The authors present an analysis of convergence for (asynchronous) BCD, under general assumptions. The paper is very well written, I really liked the way the authors introduced the topic, and presented their results. The description of the problem is very clear, the classical ODE analysis is also very well explained, and in general every step is carefully detailed. The proofs seem correct, the set of convergence results is important, and the techniques used (besides the classical Lyapunov functions) are quite interesting.

### Reviewer 3

The paper studies coordinate descent with asynchronous updates.

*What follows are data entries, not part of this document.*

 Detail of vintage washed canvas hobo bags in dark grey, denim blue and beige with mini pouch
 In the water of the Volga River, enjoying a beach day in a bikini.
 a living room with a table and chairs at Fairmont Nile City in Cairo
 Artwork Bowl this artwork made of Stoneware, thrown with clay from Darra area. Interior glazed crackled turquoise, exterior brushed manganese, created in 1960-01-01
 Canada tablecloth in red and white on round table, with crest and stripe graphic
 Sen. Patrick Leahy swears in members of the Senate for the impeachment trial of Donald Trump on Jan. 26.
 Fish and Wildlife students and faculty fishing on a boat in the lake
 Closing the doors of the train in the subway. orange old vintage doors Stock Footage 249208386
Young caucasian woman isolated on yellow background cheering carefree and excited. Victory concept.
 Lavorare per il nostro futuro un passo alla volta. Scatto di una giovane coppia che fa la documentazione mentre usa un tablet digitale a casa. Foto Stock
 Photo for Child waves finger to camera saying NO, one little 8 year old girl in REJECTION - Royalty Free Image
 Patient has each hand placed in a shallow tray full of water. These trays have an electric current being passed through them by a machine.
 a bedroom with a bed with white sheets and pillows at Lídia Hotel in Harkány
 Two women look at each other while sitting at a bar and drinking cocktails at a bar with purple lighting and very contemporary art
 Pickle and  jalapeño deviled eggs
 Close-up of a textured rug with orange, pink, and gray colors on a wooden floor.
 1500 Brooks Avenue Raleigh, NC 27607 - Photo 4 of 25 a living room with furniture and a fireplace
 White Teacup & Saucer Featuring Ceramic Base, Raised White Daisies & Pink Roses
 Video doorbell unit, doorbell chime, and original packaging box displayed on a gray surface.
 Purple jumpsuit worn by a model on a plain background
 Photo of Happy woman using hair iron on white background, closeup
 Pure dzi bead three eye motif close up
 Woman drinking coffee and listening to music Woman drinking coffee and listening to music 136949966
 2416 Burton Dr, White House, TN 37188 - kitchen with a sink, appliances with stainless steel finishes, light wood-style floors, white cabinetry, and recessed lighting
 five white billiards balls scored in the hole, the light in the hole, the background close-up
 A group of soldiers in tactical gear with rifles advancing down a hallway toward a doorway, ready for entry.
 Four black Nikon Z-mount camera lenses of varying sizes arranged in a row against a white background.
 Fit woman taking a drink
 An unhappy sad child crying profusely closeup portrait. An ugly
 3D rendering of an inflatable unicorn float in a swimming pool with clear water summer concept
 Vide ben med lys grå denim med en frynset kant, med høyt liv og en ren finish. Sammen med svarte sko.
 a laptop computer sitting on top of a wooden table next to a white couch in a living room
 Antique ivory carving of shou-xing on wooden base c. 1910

The key contributions include a relaxation of the assumptions on how the block coordinates are chosen and how large could the delays be. Descent lemma and convergence rates are obtained for a variety of settings using the ode analysis and discretization. I think the paper is well-grounded because existing assumptions in the asynchronous analyses of coordinate descents are highly unsatisfactory; and this work explained the problem well and proposed a somewhat more satisfactory solution. For this reason I vote for accept. Detailed evaluation: 1. I did not have time to check the proof, but I think the results are believable based on the steps that the authors outlined in the main paper. 2. The conditions for cyclic choice of coordinates and unbounded delays could be used in other settings. 3. In a related problem of asynchronous block coordinate frank wolfe, it was established under weaker tail bound assumptions of the delay random variable that there could be unbounded stochastic delay. The delay random variable also are not required to be independent. Establishing deterministic sequence in AP-BCFW or more heavy-tailed stochastic delay for AP-BCD could both be useful. - Wang, Y. X., Sadhanala, V., Dai, W., Neiswanger, W., Sra, S., & Xing, E. (2016, June). Parallel and distributed block-coordinate Frank-Wolfe algorithms. In International Conference on Machine Learning (pp. 1548-1557).

### Reviewer 4

Paper proposes an analysis approach for asynchronous coordinate descent under, the authors claim, more realistic assumptions. Specifically, the approach does not require the assumptions of (1) independence of delays from block identity, and (2) blocks are chosen uniformly at random with replacement. The authors construct Lyapunov functions directly modelling the objective and delays, and prove convergence for non-convex functions, with additional rates for convex functions. The use of Lyanpov functions to directly model delays is, to the best of my knowledge, a new approach in literature. More-informed reviewers than me should evaluate on its novelty value. It is also not clear if the approach can be easily generalized and applied to other stochastic optimization algorithms. I do think that the paper does not give sufficient credit to existing literature on ridding the assumption of independence of delay with update identity. For example, Mania et al [12] addressed this issue by decoupling the parameters read by each core from the virtual parameters (which may never exist in consistent state) on which progress is actually defined. The work of Leblond et al [9], which was addressed in related work, was based on ideas of [14]. I also do not agree with the authors' assessment that [9] requires the entire data to be read before computing an update. Possible typos: Line 96 -- should this be O(\tau^{-3})? Line 169 -- "we design our the energy"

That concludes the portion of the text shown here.